(Stored data)
=-=-=-=-=

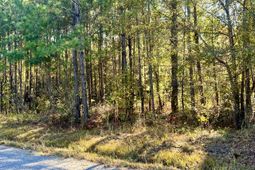 00 Saint Julian Drive photo 4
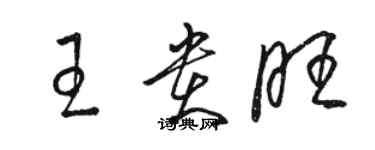 駱恆光王貴旺草書個性簽名怎么寫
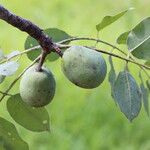 Sclerocarya birrea Плод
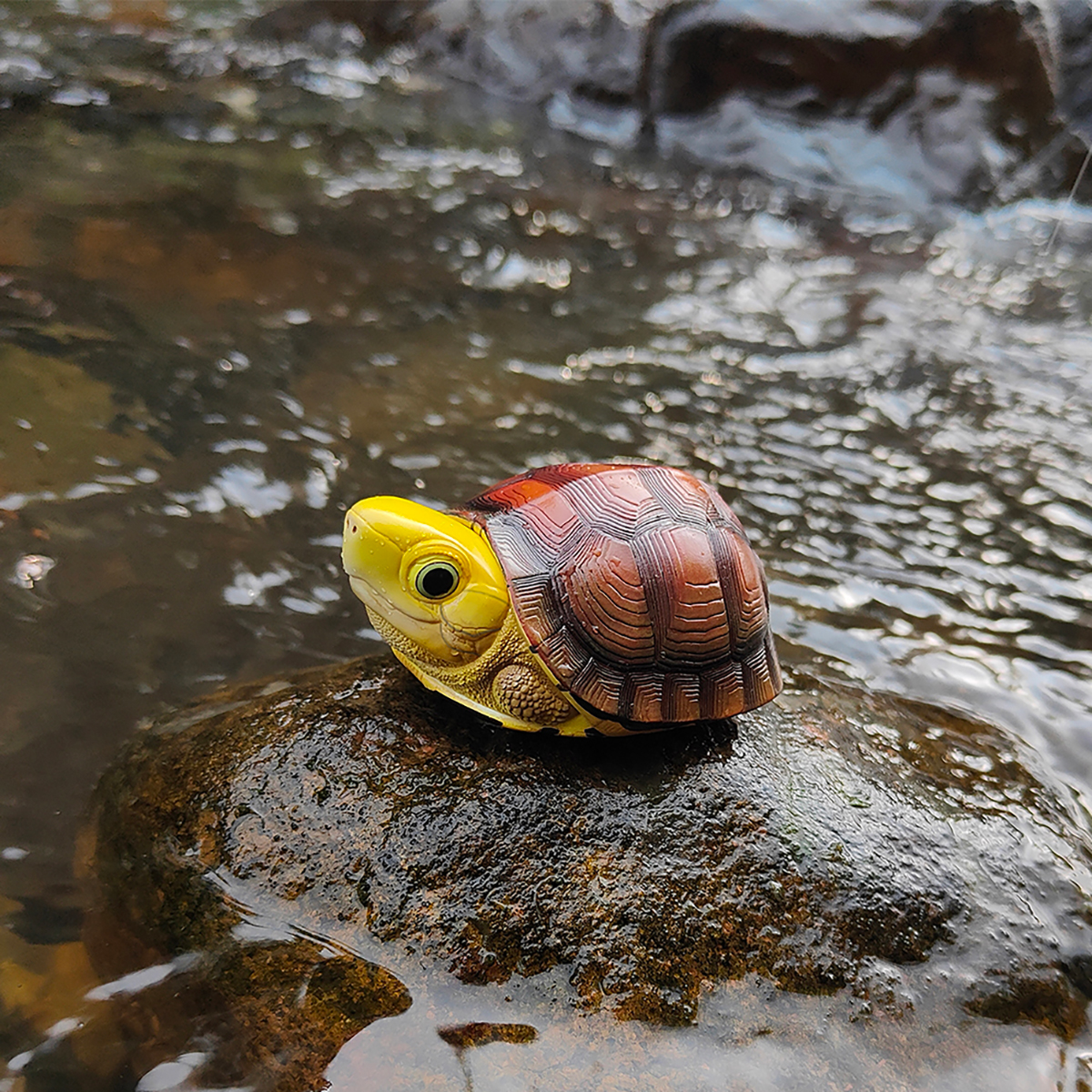 AHB Series 19 / Cuora aurocapitata - Golden-headed Box Turtle / Turtle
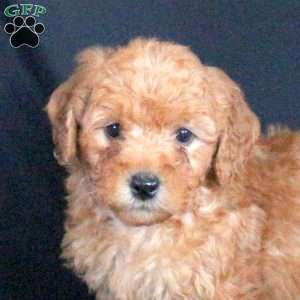 Griffin, Mini Goldendoodle Puppy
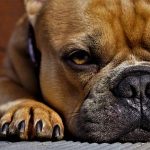 7 Safety Tips for Cutting Dogs Nails at Home Dogs Nails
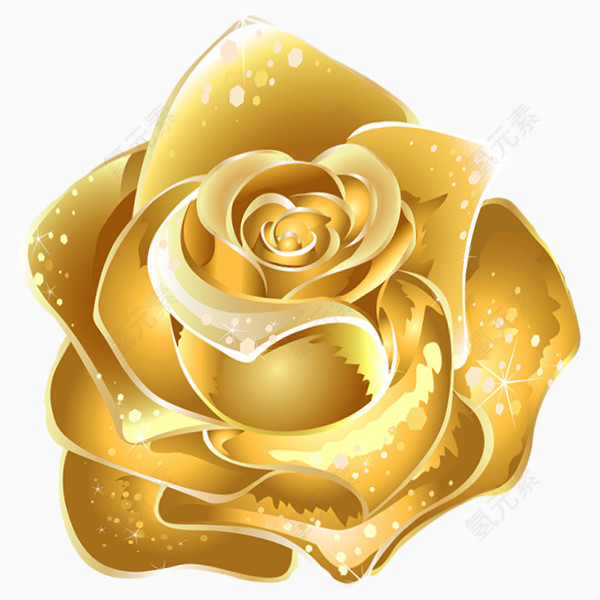 黄金金玫瑰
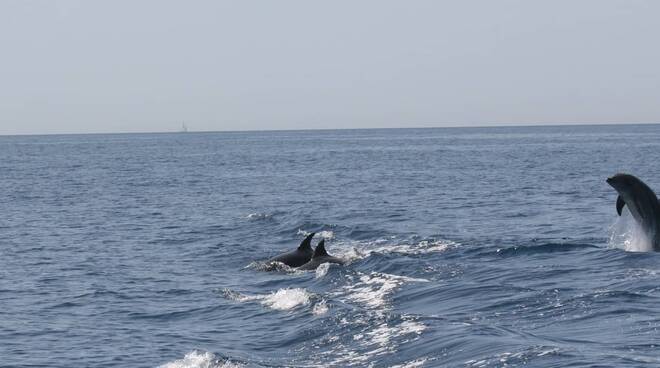 delfini punta campanella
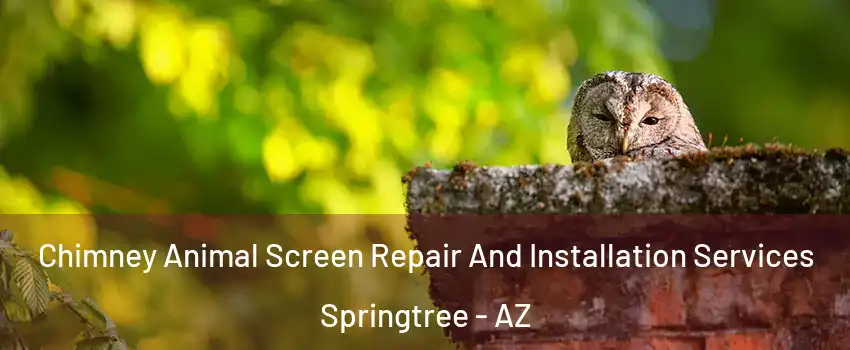 Chimney Animal Screen Repair And Installation Services Springtree - AZ
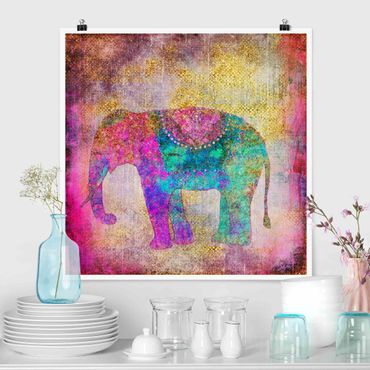 Poster - Colourful Collage - Indian Elephant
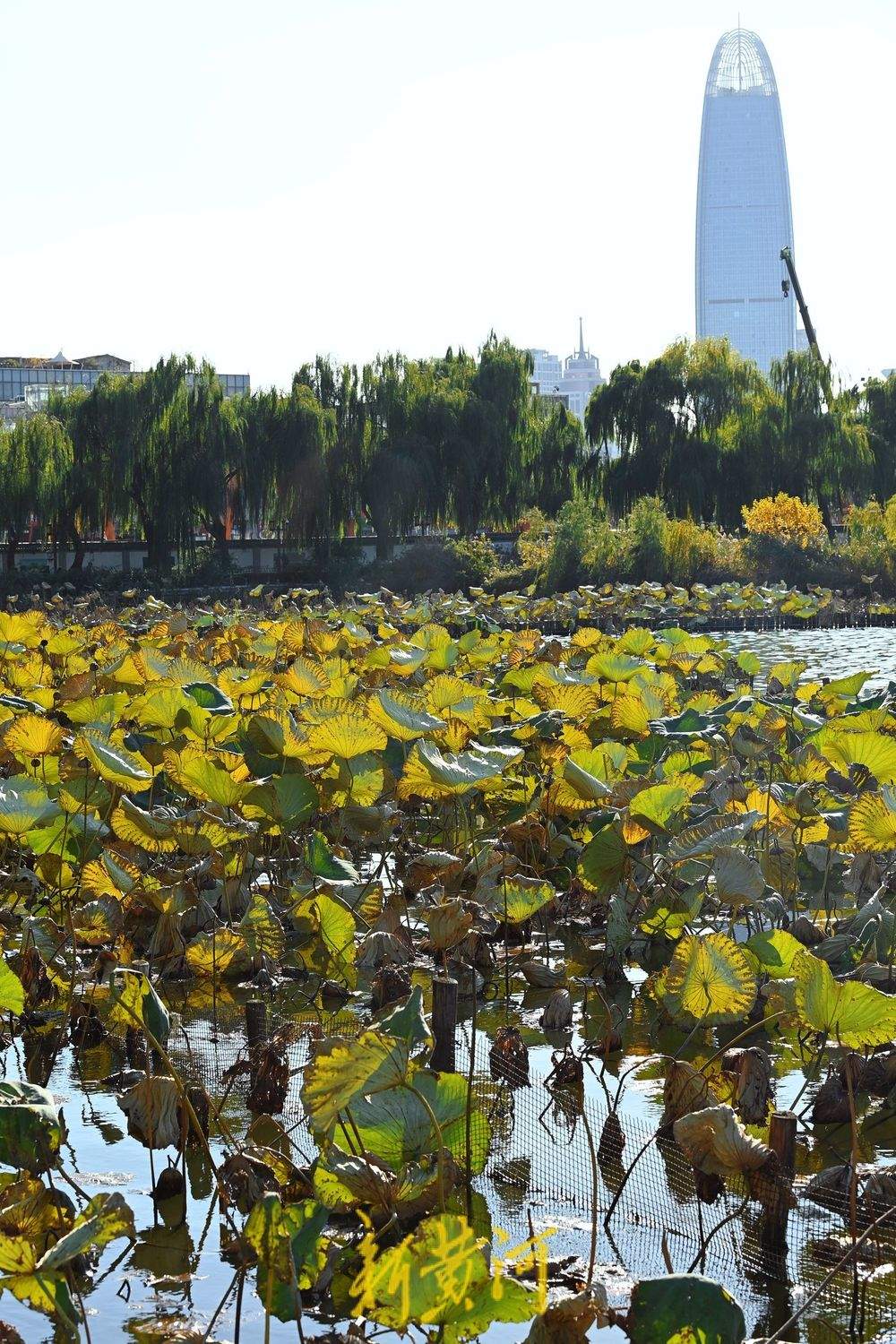 大明湖畔一池残荷映秋色
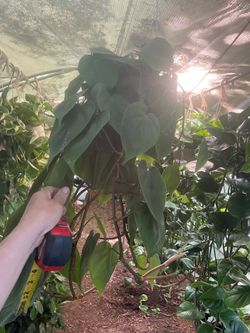 Heart leaf philodendron, see last 2 pics for details, zip95820
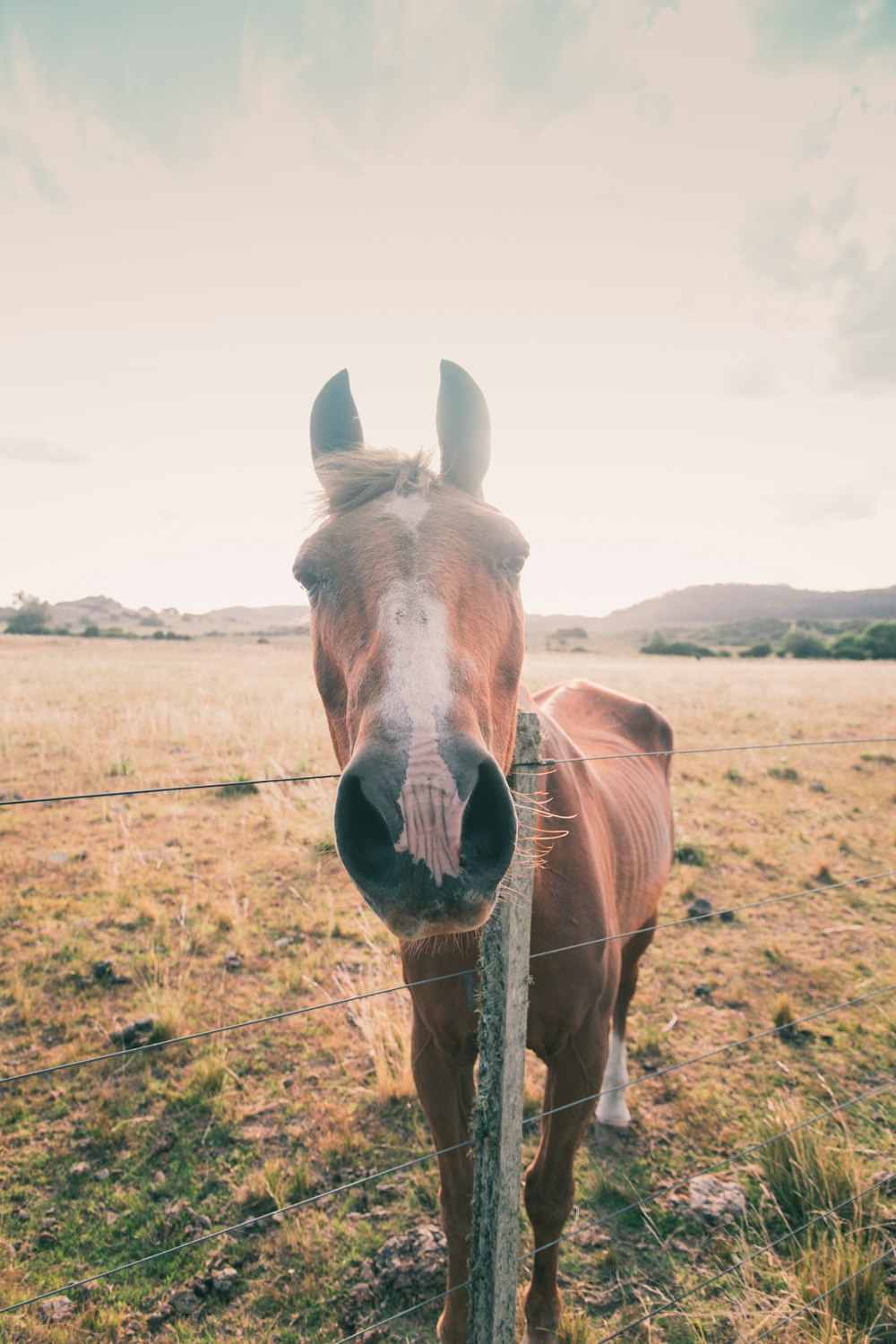 a brown horse standing on top of a grass covered field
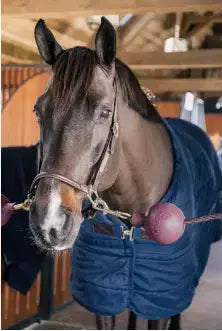 cross tie ball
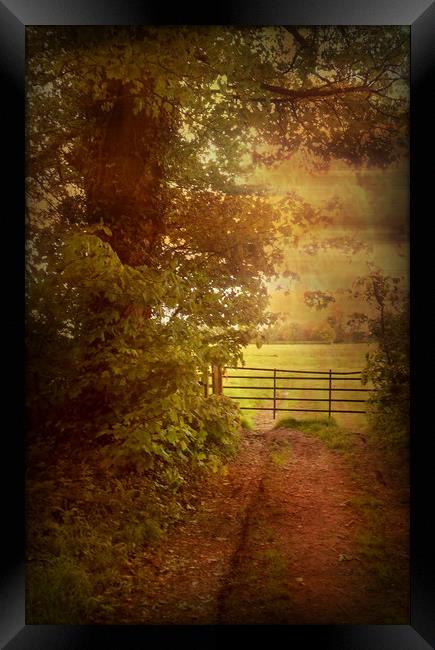 Early Morning at Four Acres. Framed Print by Heather Goodwin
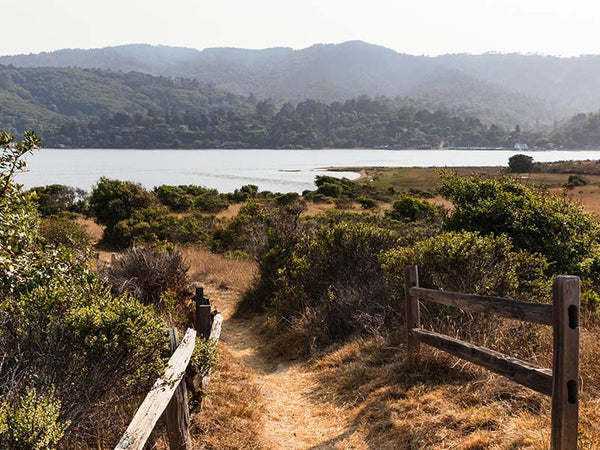 tomales-bay-hiking-outdoors-best-northern-california-trails-marin-county-travel-agent-apparel-2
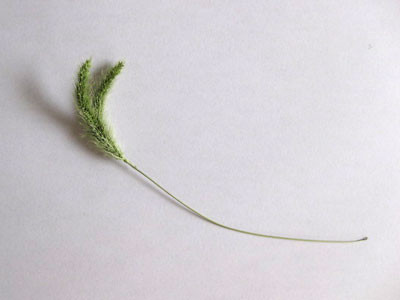 f:id:takahikonojima:20140221133842j:plain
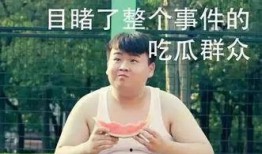 文赫吃瓜,揭秘娱乐圈幕后故事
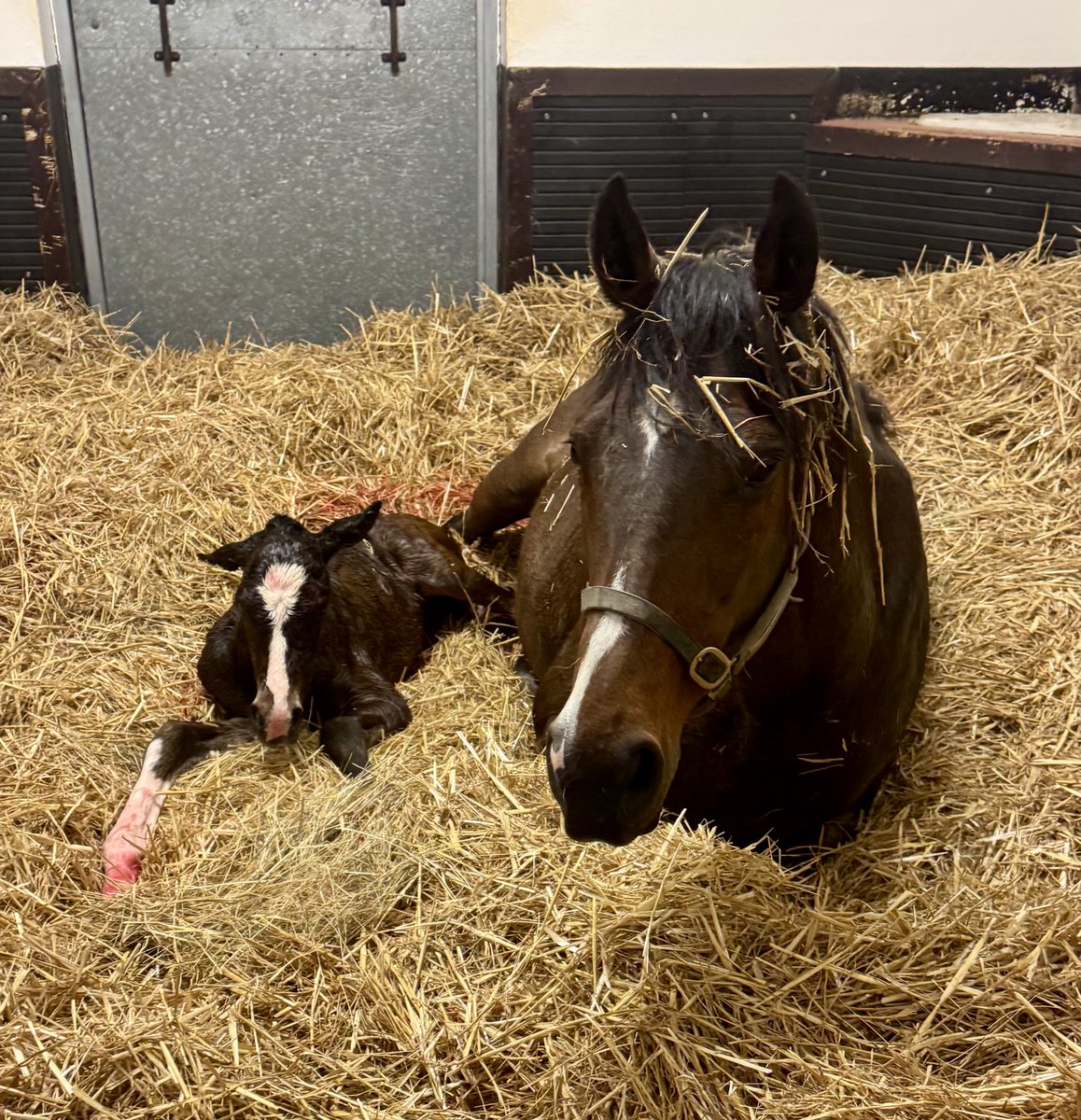 Newsells Park Stud tweet media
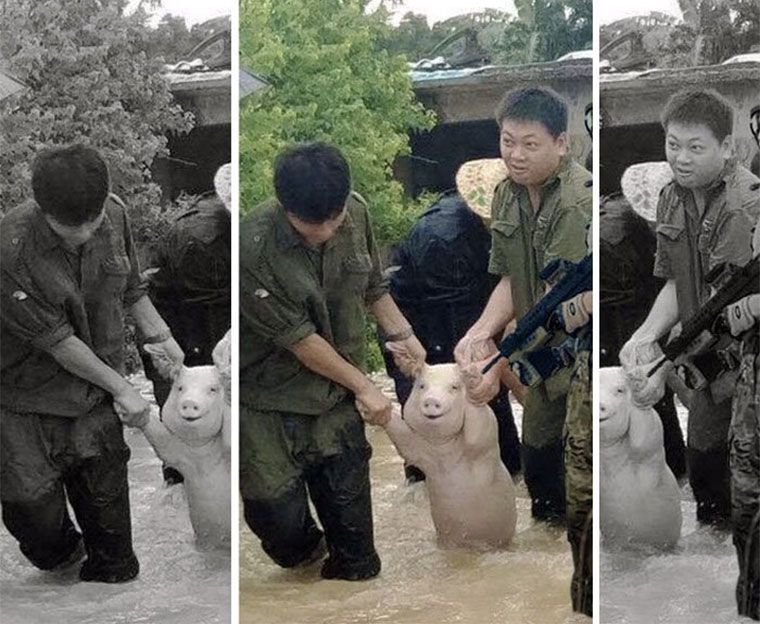 két katona egy disznót cipel, az egyikük fegyvert fog a malac fejéhez. A kép meg van vágva és mindegyik más jelentéssel bír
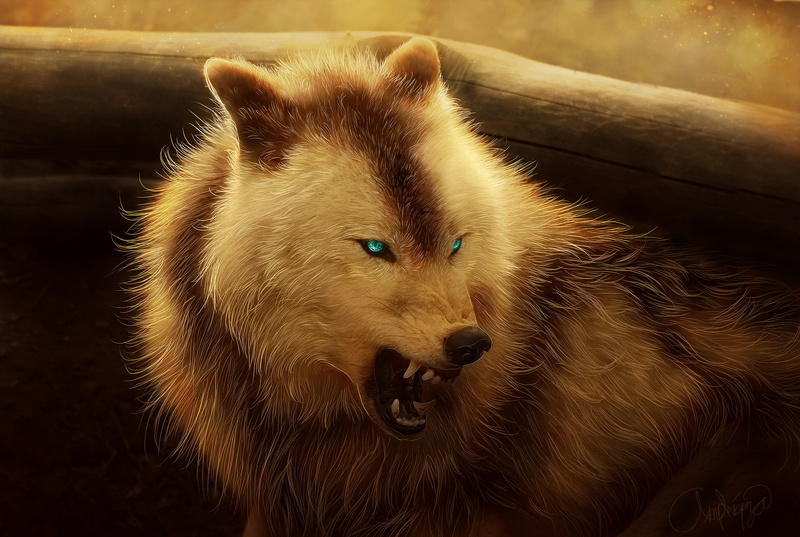 2K, wolf, animals, blue eyes, angry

=-=-=-=-=

▶ EXERCISE INSTRUCTIONS: Each line from the line containing "Heart leaf philodendron, see" through the last line above must be written out exactly, and every picture must be omitted.

▶ FINISHED TASK:
 Heart leaf philodendron, see last 2 pics for details, zip95820
 a brown horse standing on top of a grass covered field
 cross tie ball
 Early Morning at Four Acres. Framed Print by Heather Goodwin
 tomales-bay-hiking-outdoors-best-northern-california-trails-marin-county-travel-agent-apparel-2
 f:id:takahikonojima:20140221133842j:plain
 文赫吃瓜,揭秘娱乐圈幕后故事
 Newsells Park Stud tweet media
 két katona egy disznót cipel, az egyikük fegyvert fog a malac fejéhez. A kép meg van vágva és mindegyik más jelentéssel bír
 2K, wolf, animals, blue eyes, angry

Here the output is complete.